___ Source data

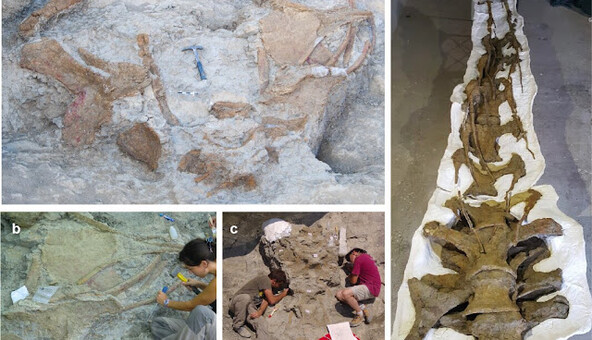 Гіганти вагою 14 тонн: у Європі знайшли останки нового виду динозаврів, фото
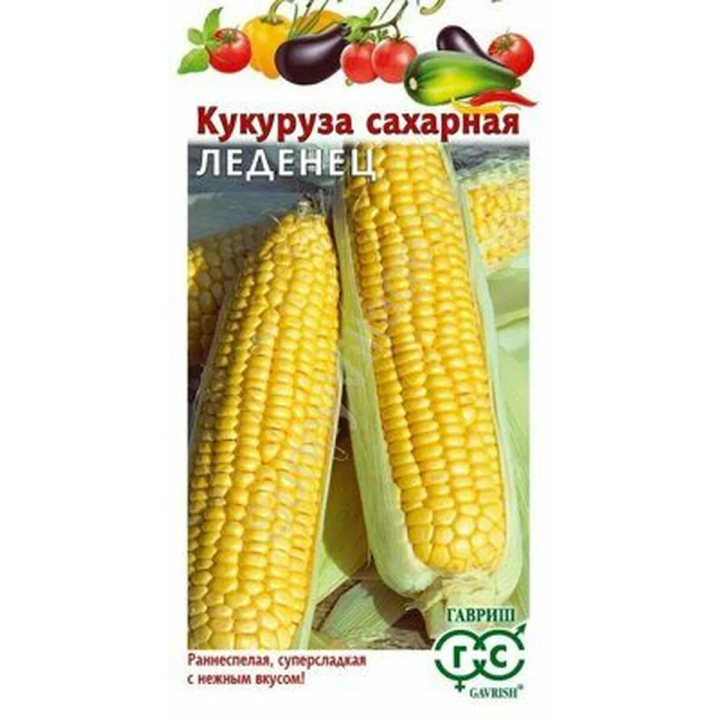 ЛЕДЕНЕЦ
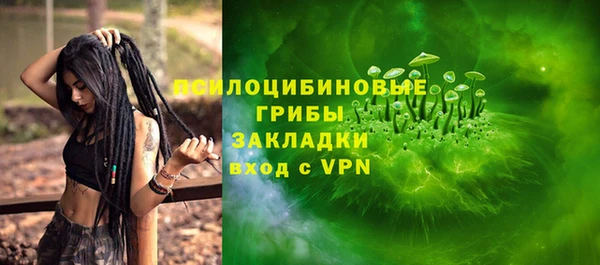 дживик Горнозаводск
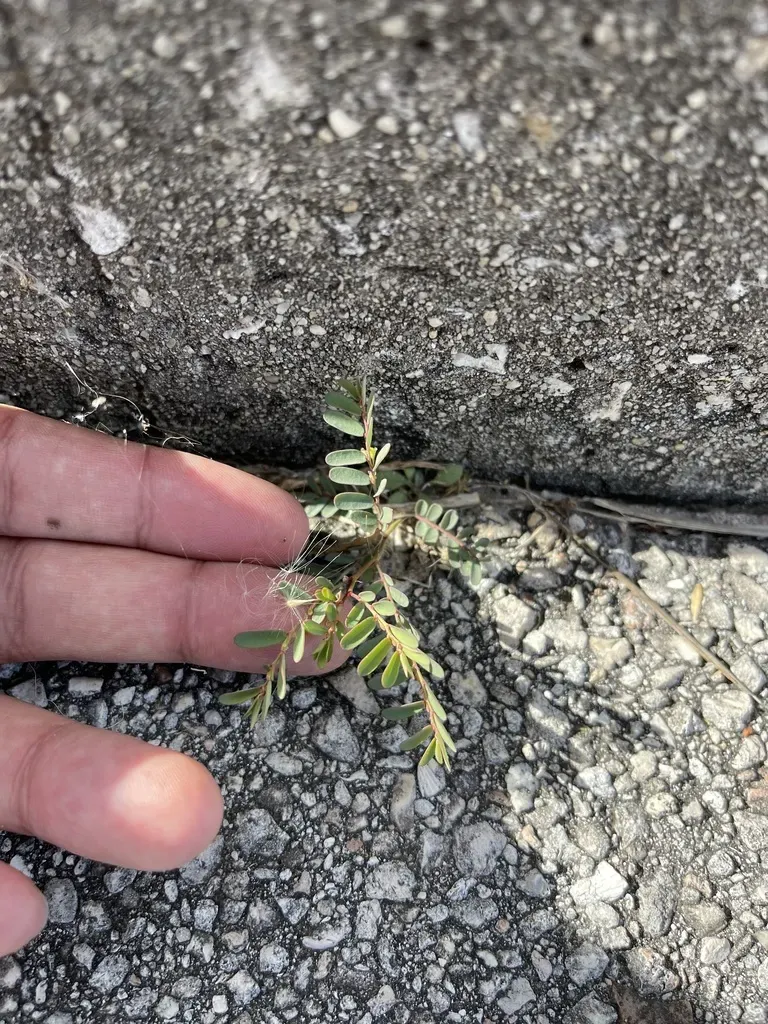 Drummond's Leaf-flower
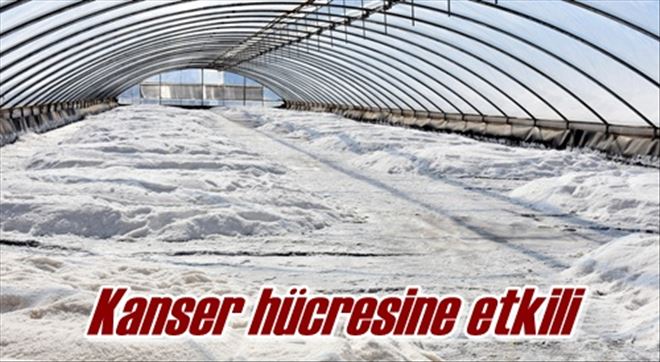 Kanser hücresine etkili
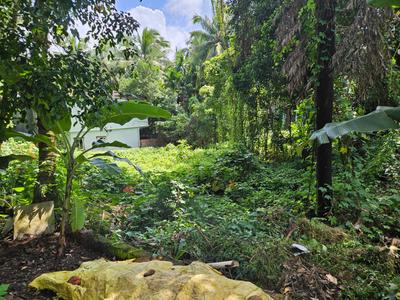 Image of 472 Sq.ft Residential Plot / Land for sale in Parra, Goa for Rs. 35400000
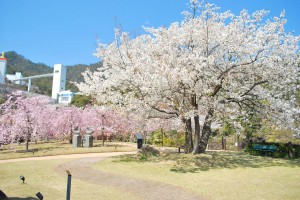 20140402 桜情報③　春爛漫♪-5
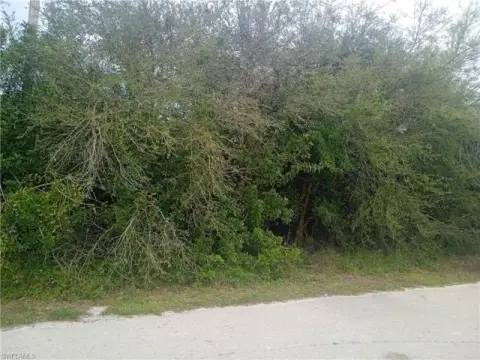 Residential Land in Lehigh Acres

______

Goal of the exercise
Every entry must be retyped exactly, with the pictures removed.

Task answer
 Гіганти вагою 14 тонн: у Європі знайшли останки нового виду динозаврів, фото
 ЛЕДЕНЕЦ
 дживик Горнозаводск
 Drummond's Leaf-flower
 Kanser hücresine etkili
 Image of 472 Sq.ft Residential Plot / Land for sale in Parra, Goa for Rs. 35400000
 20140402 桜情報③　春爛漫♪-5
 Residential Land in Lehigh Acres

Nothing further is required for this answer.